### RECORDED INFORMATION
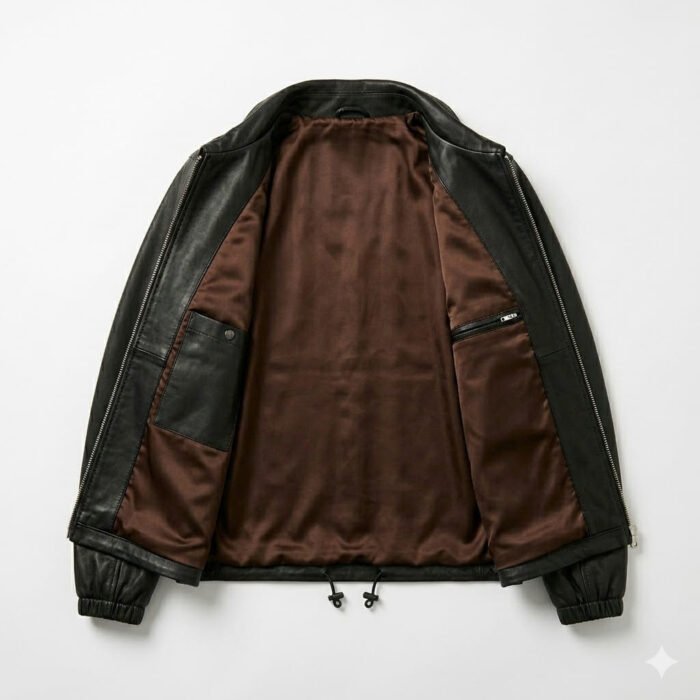 Streetwear Smooth Black Genuine Leather Coach Jacket for Women | Blackstone Jackets - Image 3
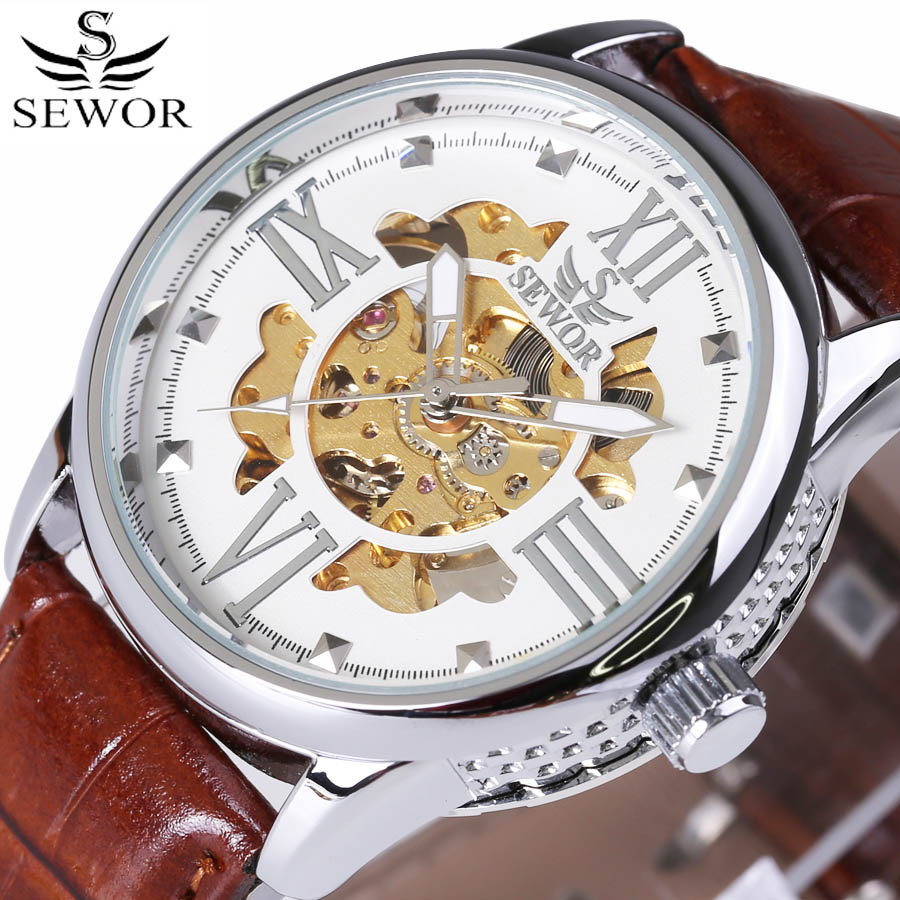 transparent casual design leather strap men's watch  luxury mechanical hollow watch Xmas gift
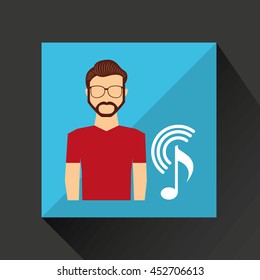 playing music on phone icon, vector illustration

### WHAT YOU SHOULD DO
Please reprint the whole listing exactly and omit its pictures.

### TASK OUTPUT
 Streetwear Smooth Black Genuine Leather Coach Jacket for Women | Blackstone Jackets - Image 3
 transparent casual design leather strap men's watch  luxury mechanical hollow watch Xmas gift
 playing music on phone icon, vector illustration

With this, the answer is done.